| ASSIGNED TASK |
With pictures removed, the data below should be returned exactly.

** Opening RAW DATA block **

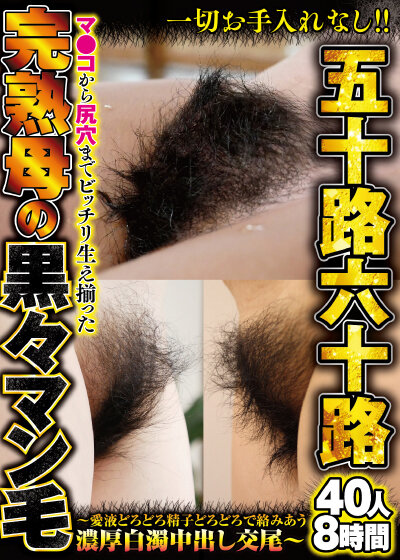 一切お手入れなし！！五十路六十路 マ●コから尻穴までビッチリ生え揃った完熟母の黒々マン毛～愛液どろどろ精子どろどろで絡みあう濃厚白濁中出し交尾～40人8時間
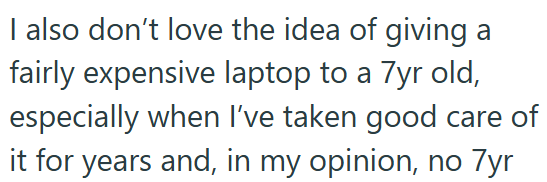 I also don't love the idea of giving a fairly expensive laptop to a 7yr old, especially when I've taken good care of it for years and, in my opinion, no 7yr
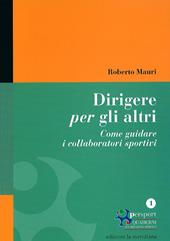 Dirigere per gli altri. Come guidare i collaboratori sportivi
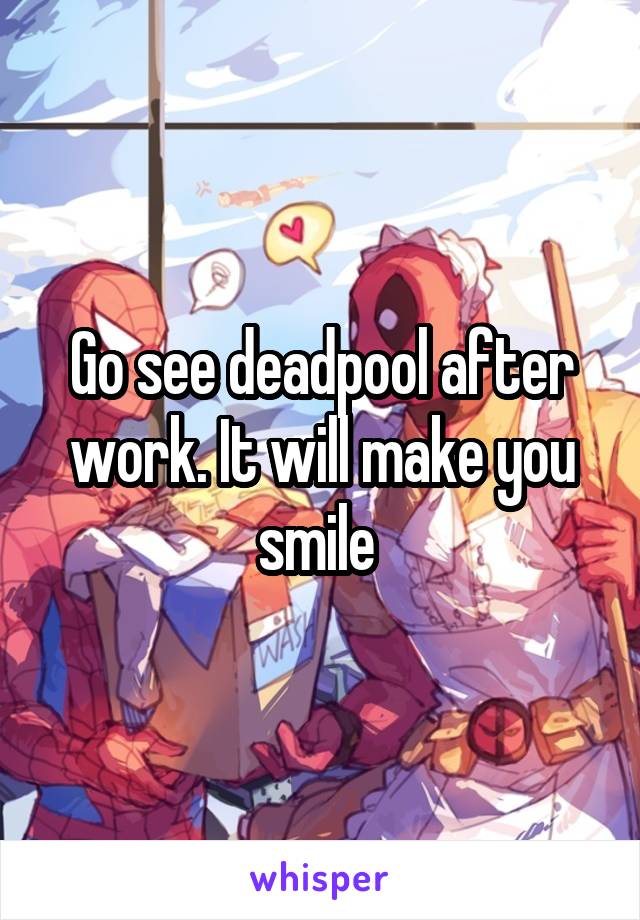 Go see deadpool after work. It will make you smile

** Closing RAW DATA block **

| ANSWER FOR THIS EXERCISE |
 一切お手入れなし！！五十路六十路 マ●コから尻穴までビッチリ生え揃った完熟母の黒々マン毛～愛液どろどろ精子どろどろで絡みあう濃厚白濁中出し交尾～40人8時間
 I also don't love the idea of giving a fairly expensive laptop to a 7yr old, especially when I've taken good care of it for years and, in my opinion, no 7yr
 Dirigere per gli altri. Come guidare i collaboratori sportivi
 Go see deadpool after work. It will make you smile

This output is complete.